Records from a collection
┄┄┄┄┄┄

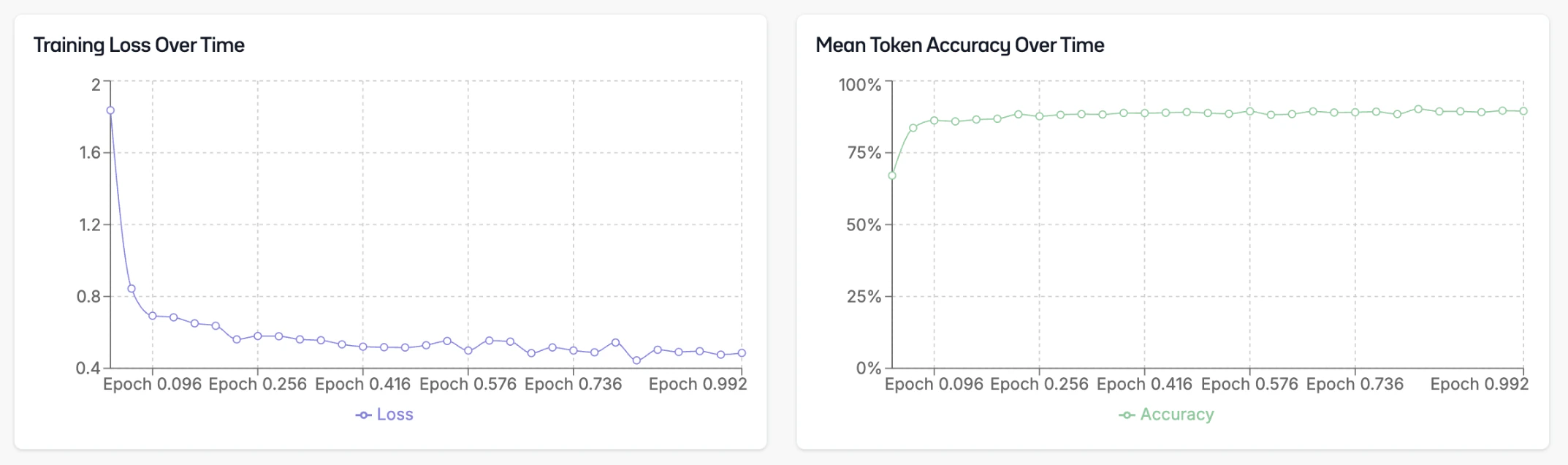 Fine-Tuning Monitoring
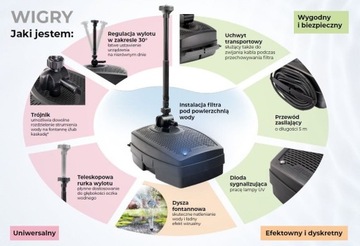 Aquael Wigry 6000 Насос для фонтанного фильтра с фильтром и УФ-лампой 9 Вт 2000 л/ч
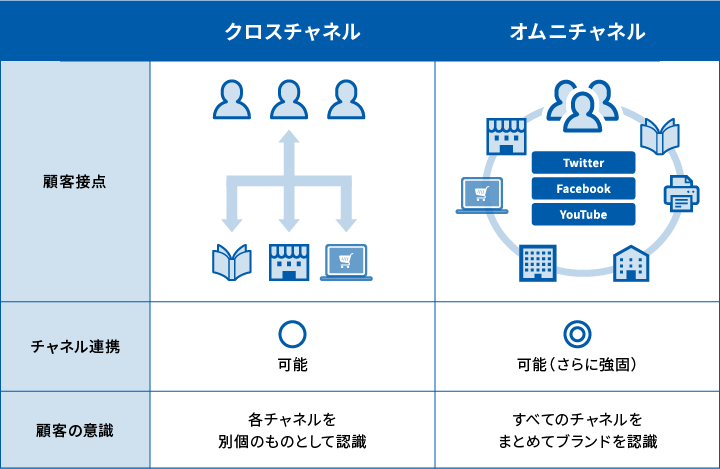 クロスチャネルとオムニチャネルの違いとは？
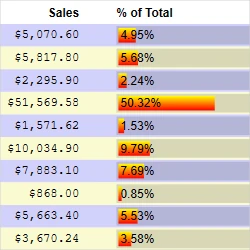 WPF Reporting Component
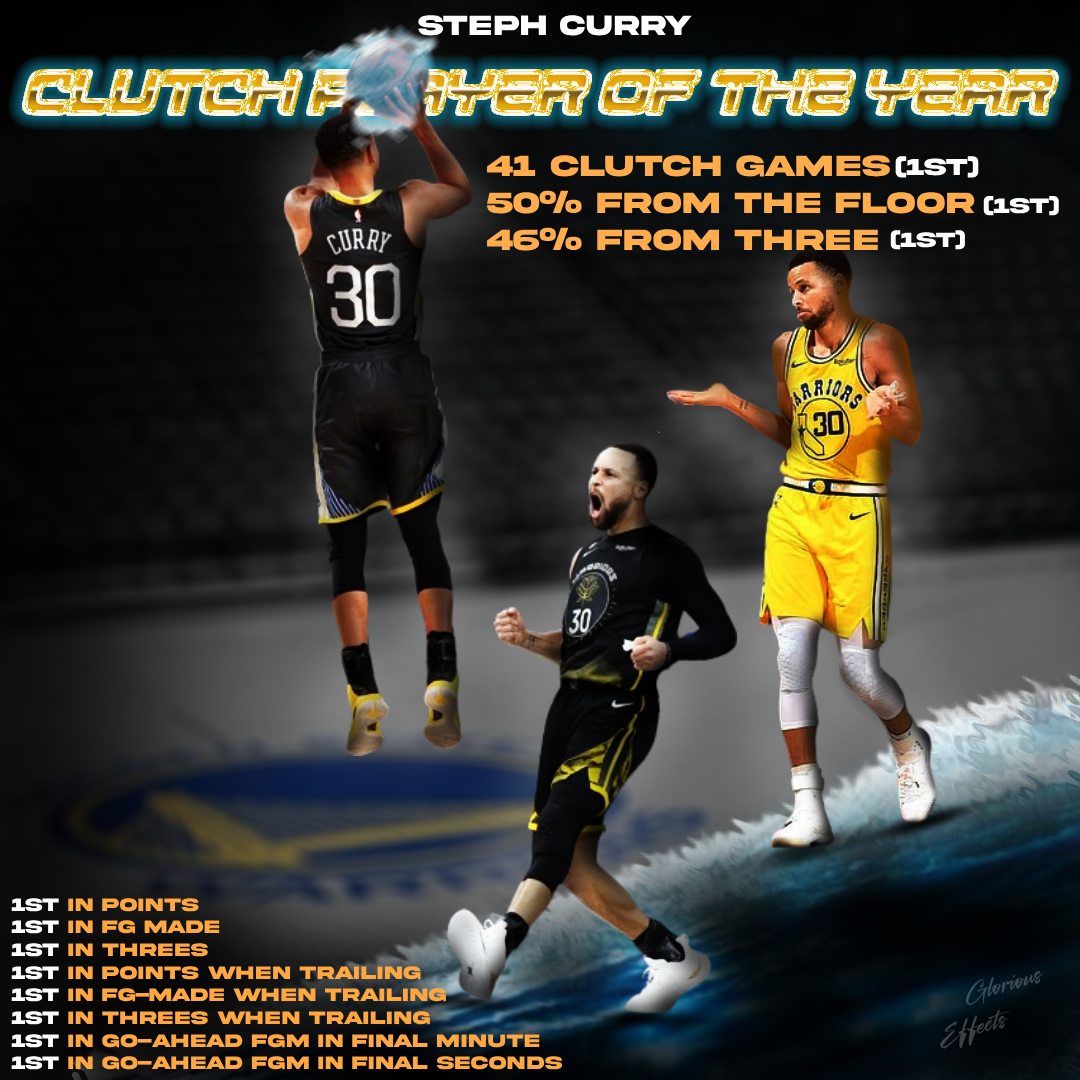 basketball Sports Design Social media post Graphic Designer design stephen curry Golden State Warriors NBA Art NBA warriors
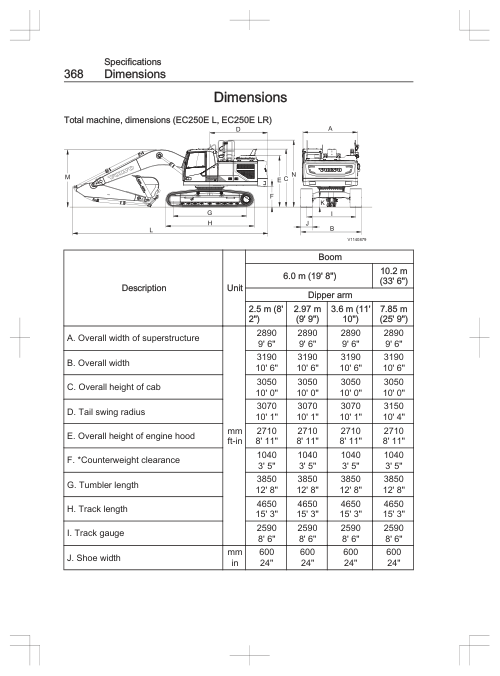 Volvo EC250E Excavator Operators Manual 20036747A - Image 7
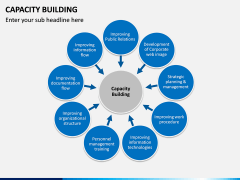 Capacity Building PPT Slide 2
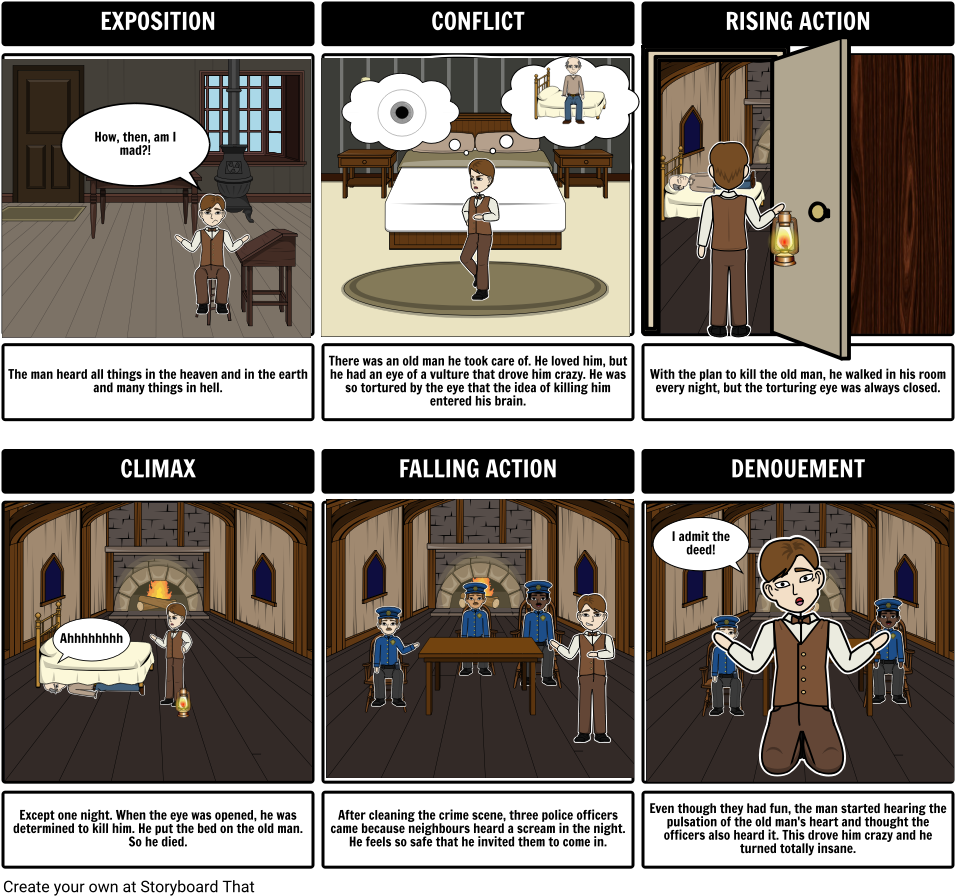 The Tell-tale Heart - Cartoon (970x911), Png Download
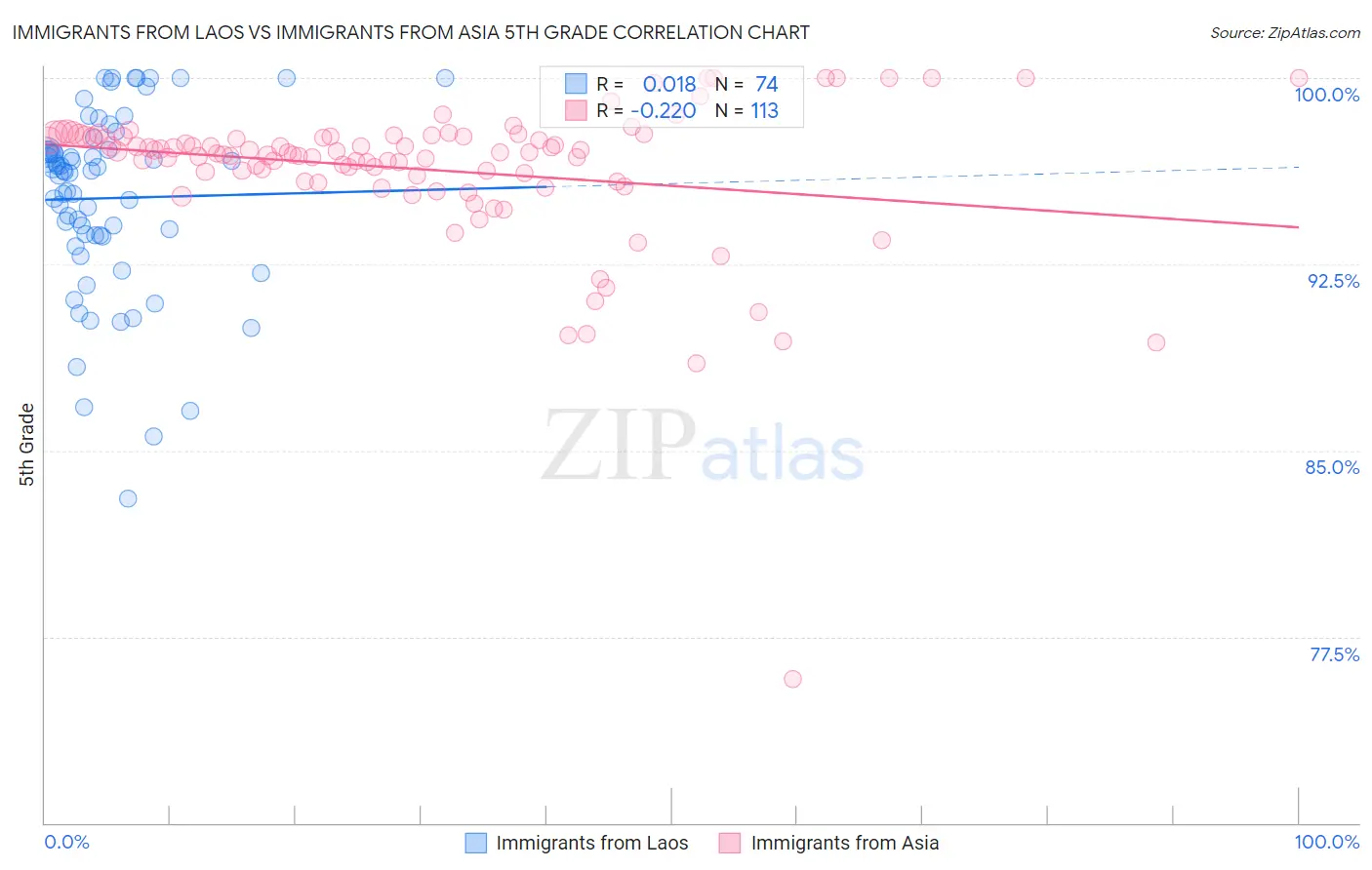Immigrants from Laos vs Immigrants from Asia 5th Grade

┄┄┄┄┄┄

The problem
Only the lines from the one containing "basketball Sports Design" through the end of the records should be copied, exactly and with both ends included; the pictures should not.

Worked solution
 basketball Sports Design Social media post Graphic Designer design stephen curry Golden State Warriors NBA Art NBA warriors
 Volvo EC250E Excavator Operators Manual 20036747A - Image 7
 Capacity Building PPT Slide 2
 The Tell-tale Heart - Cartoon (970x911), Png Download
Immigrants from Laos vs Immigrants from Asia 5th Grade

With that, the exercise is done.